Task details
Although the records contain pictures, repeat only the text of every line exactly.

[[ Input data, beginning ]]

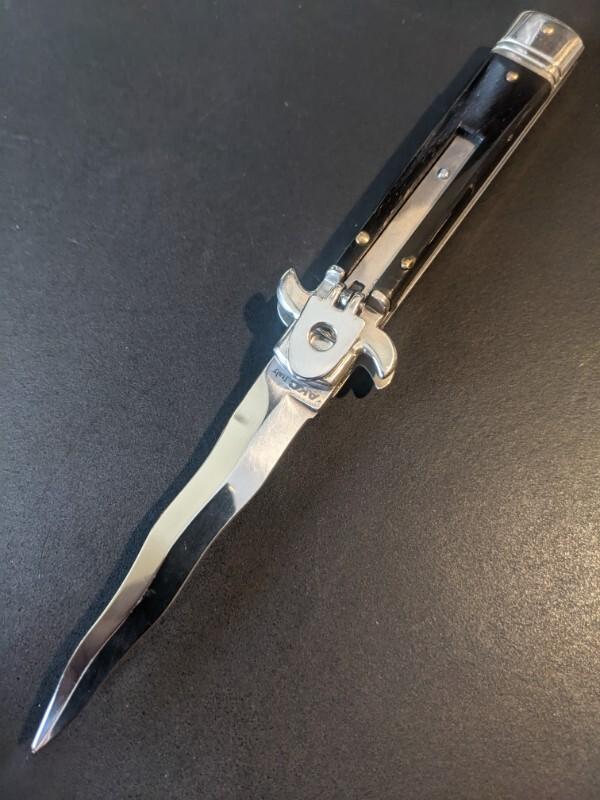 AKC Kris Blade Leverletto by Bill DeShivs Slim Leverlock 20cm - 8” Dark B. Horn AKC Kris Blade Leverletto by Bill DeShivs Slim Leverlock 20cm - 8” Dark B. Horn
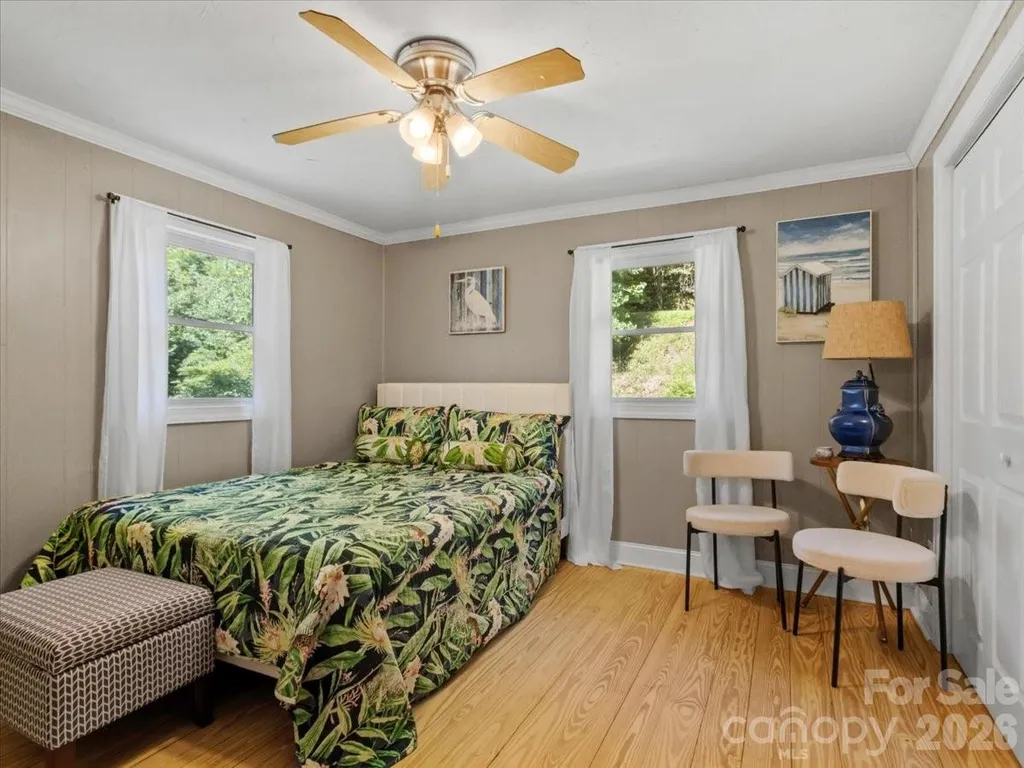 9130 Double Island Road Green Mountain NC 28740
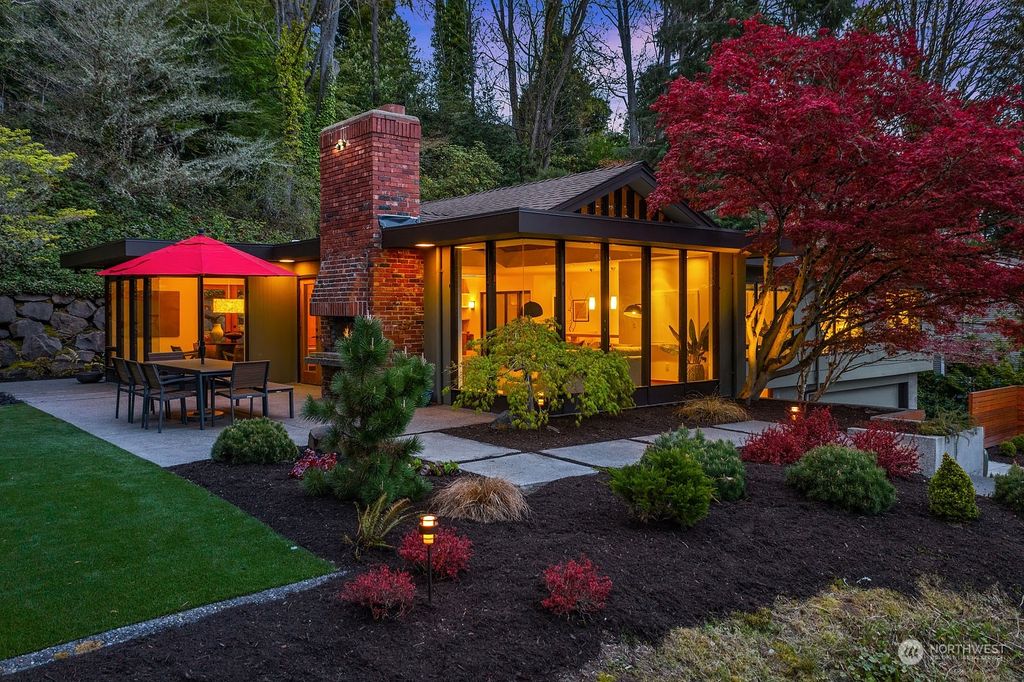 Photo of 9531 SE 43rd Street, Mercer Island, WA 98040 (MLS # 2061088)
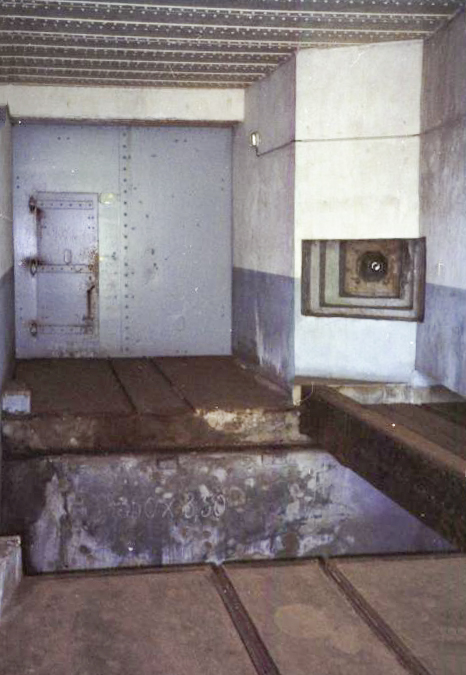 Ligne Maginot - SIMSERHOF - (Ouvrage d'artillerie) - Entrée munitions
Fossé antichar ouvert - JFK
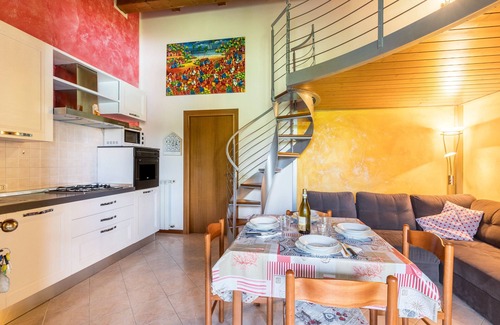 Ponti sul Mincio Apartment | Holiday Apartment Residence La Collina with swimming pool and Wi-Fi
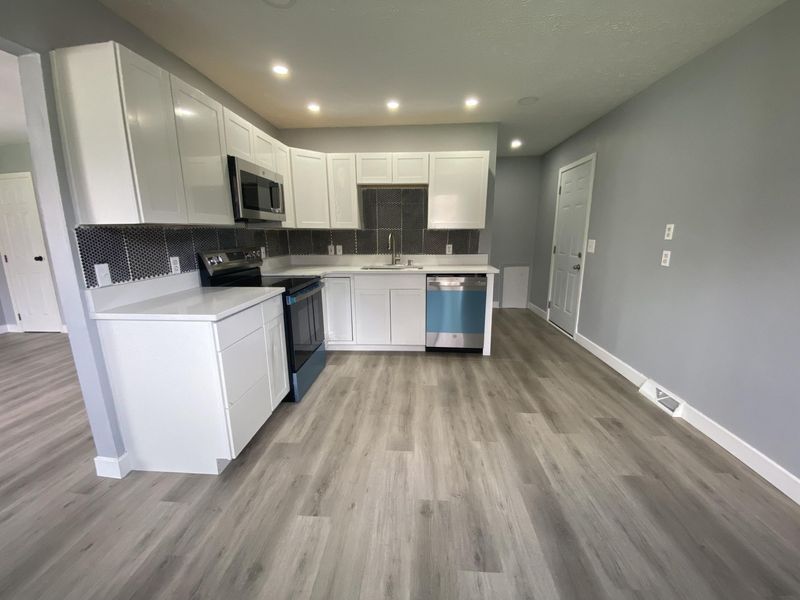 4814 Woodland Hills Boulevard, Dayton, OH 45414 Photo 3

[[ Input data, end ]]

Expected answer
 AKC Kris Blade Leverletto by Bill DeShivs Slim Leverlock 20cm - 8” Dark B. Horn AKC Kris Blade Leverletto by Bill DeShivs Slim Leverlock 20cm - 8” Dark B. Horn
 9130 Double Island Road Green Mountain NC 28740
 Photo of 9531 SE 43rd Street, Mercer Island, WA 98040 (MLS # 2061088)
 Ligne Maginot - SIMSERHOF - (Ouvrage d'artillerie) - Entrée munitions
Fossé antichar ouvert - JFK
 Ponti sul Mincio Apartment | Holiday Apartment Residence La Collina with swimming pool and Wi-Fi
 4814 Woodland Hills Boulevard, Dayton, OH 45414 Photo 3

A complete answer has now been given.